Data extracted from a collection:

........

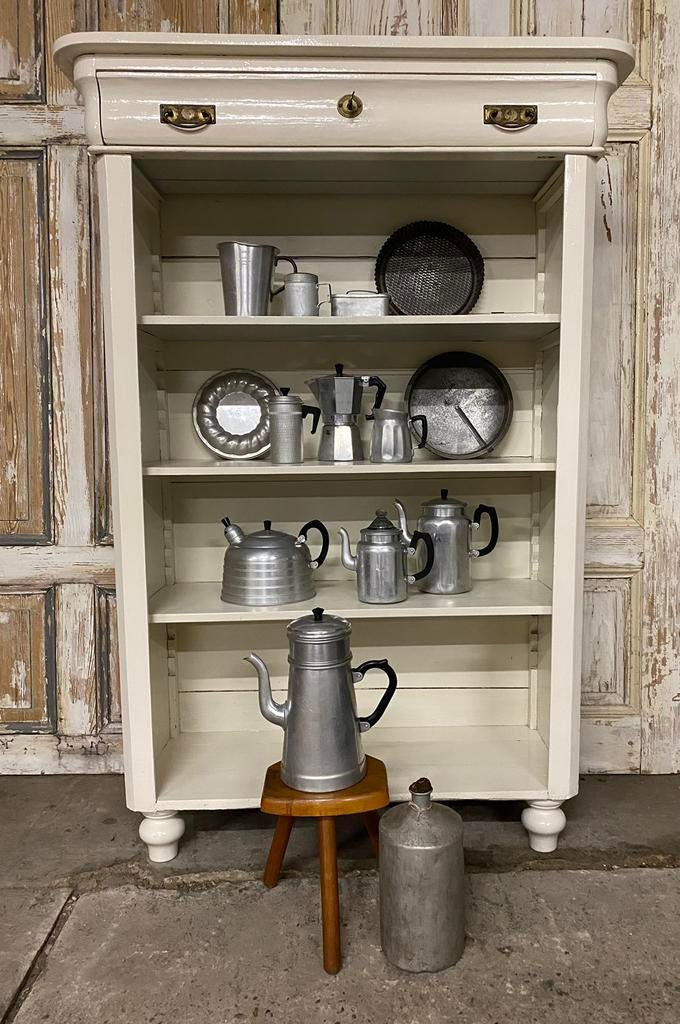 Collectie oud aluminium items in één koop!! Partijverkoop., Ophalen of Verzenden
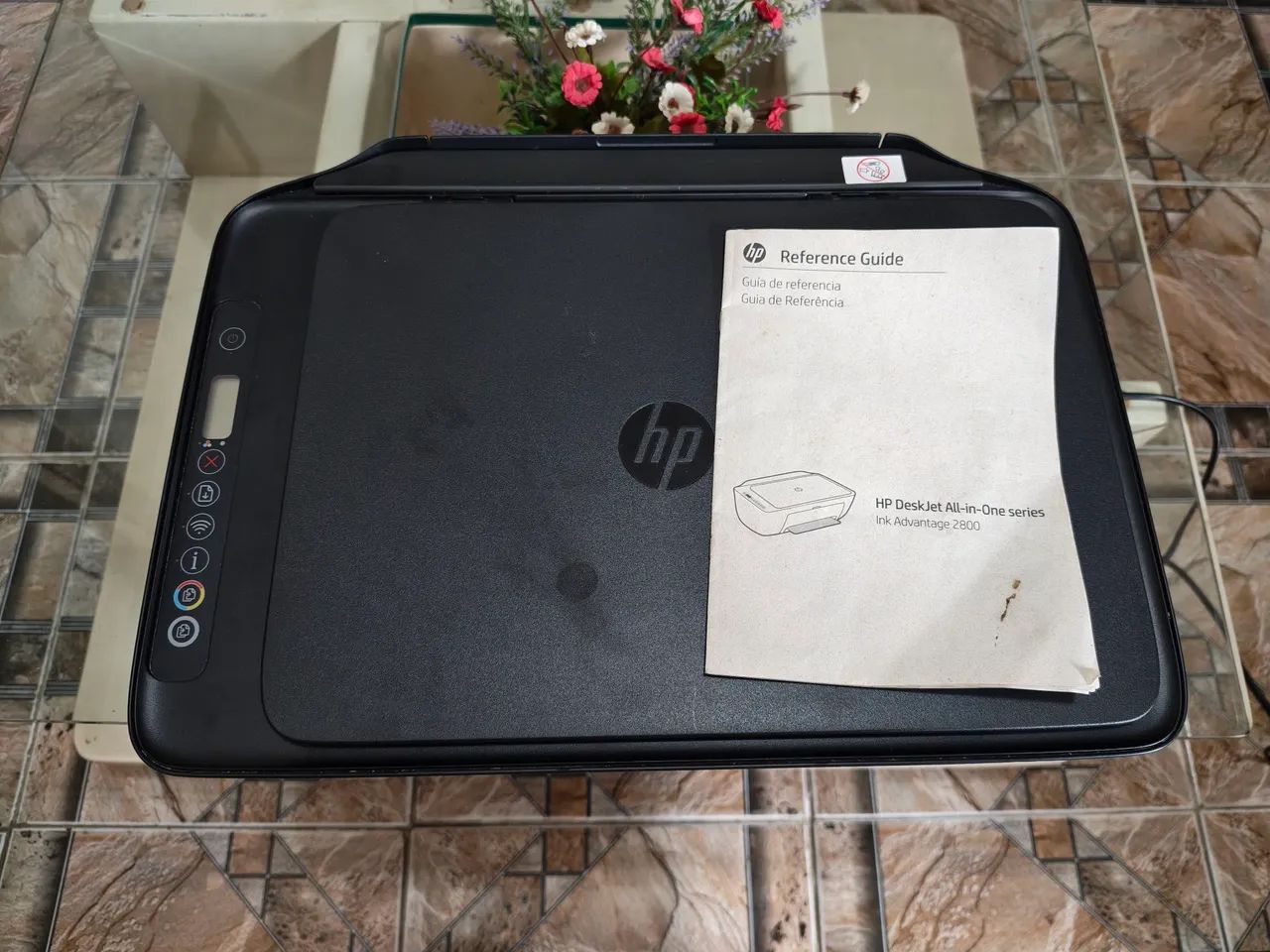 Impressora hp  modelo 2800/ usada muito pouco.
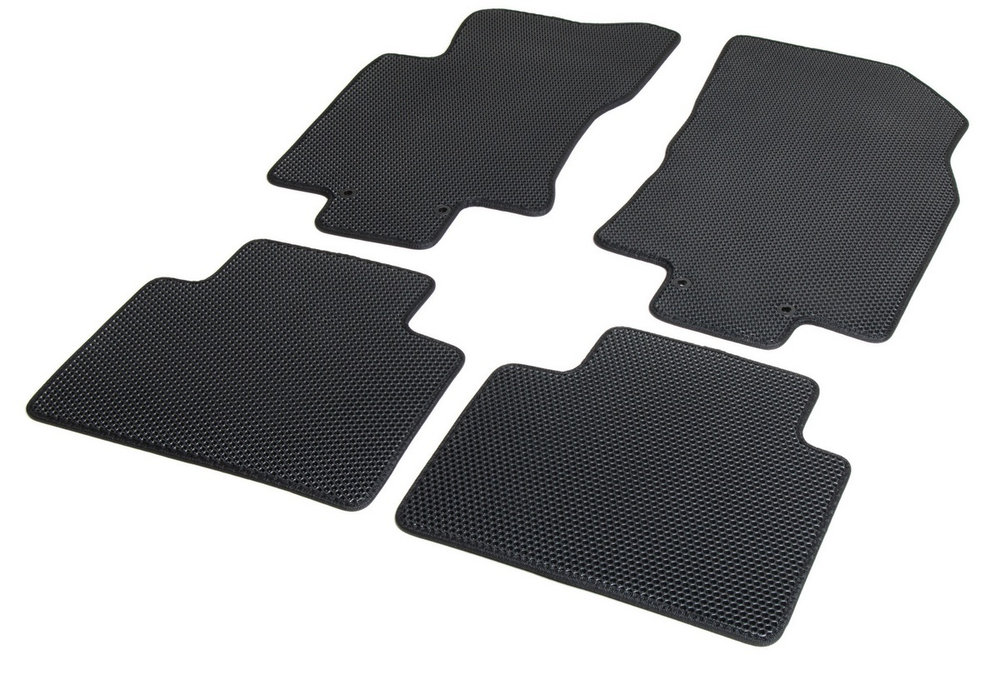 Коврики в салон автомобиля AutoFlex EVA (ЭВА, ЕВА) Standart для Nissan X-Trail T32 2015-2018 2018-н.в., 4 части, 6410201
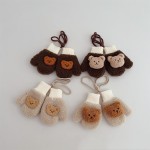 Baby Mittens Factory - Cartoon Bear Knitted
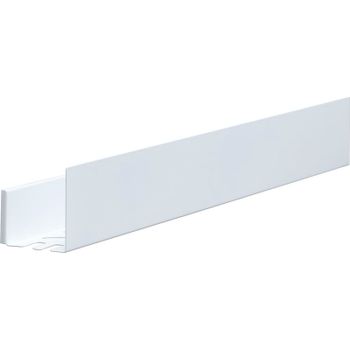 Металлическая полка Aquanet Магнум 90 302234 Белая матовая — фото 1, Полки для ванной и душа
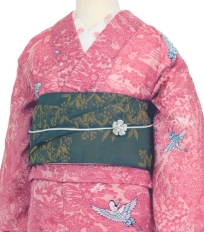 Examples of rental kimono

........

Could you copy, exactly and with no pictures, each line from the first one above to the line holding "Металлическая полка Aquanet"?

 Collectie oud aluminium items in één koop!! Partijverkoop., Ophalen of Verzenden
 Impressora hp  modelo 2800/ usada muito pouco.
 Коврики в салон автомобиля AutoFlex EVA (ЭВА, ЕВА) Standart для Nissan X-Trail T32 2015-2018 2018-н.в., 4 части, 6410201
 Baby Mittens Factory - Cartoon Bear Knitted
 Металлическая полка Aquanet Магнум 90 302234 Белая матовая — фото 1, Полки для ванной и душа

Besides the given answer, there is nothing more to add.